Never before has the federal government regulated state-issued drivers’ licenses or birth certificates. Rule-making committees, which will include elected state officials, will be formed to help develop the standards.
Because state-issued drivers’ licenses are the primary devices used to establish identity in the United Statees they commonly are used to board airplanes and to complete financial transactions, for example federal and state homeland security officials have a keen interest in ensuring they are made more secure.
The fact that four of the 19 Sept. 11 hijackers obtained valid licenses (from Florida, New Jersey and Virginia) focused an especially dramatic spotlight on this issue. Sharp increases in cases of identity theft and concerns about fraud by underage individuals and illegal immigrants have aggravated concerns.
The intelligence bill would require that each license include a digital photograph of the holder as well as the holder’s full name, date of birth, gender and drivers’ license or personal identification number. While some states already meet all these requirements, others do not. States also will be required to meet stiffer standards for the documentation they accept as proof of identity from license applicants, for the processes by which they verify those documents and for the means by which licenses are issued.
The legislation authorizes federal grants to help states pay the cost of upgrading their licenses, but Cheye Calvo, who handles federal-state issues for the National Conference of State Legislatures, said state lawmakers fear that the money might not actually be delivered. In the past, Calvo said, “promises of federal money never materialized.”

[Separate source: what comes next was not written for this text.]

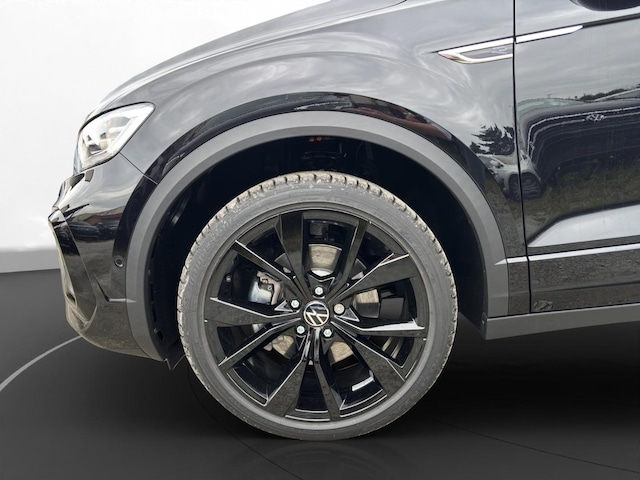 Volkswagen T-Roc 1.5 TSI Cabriolet DSG Style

“We think that it is very important that Congress actually comes up with the money to implement these standards,” he said. “We don’t want the intelligence bill to be the biggest unfunded mandate of the 108th Congress.”
The grants to states would be allocated based on average number of drivers’ licenses, identification cards and birth certificates a state issues each year, with no state receiving less than 0.5 percent of the total available funds.
The legislation, which appeared permanently stalled early this week, was jump-started by a compromise on another section of the bill that regulates chain-of-command on the battlefield. The House quickly brought the bill to the floor and passed it easily on Tuesday. Senate passage on Wednesday completed congressional action and moved the bill forward for signature by President Bush, a strong supporter.
Calvo said Congress’ move could hamper efforts already under way in states to make licenses more secure.
“Our concern is that federal standards will stifle innovation because states are doing things differently from each other,” he said. “But all states are advancing the ball in terms of security. … To try and impose a one-size-fits-all approach, I think, is short-sighted.”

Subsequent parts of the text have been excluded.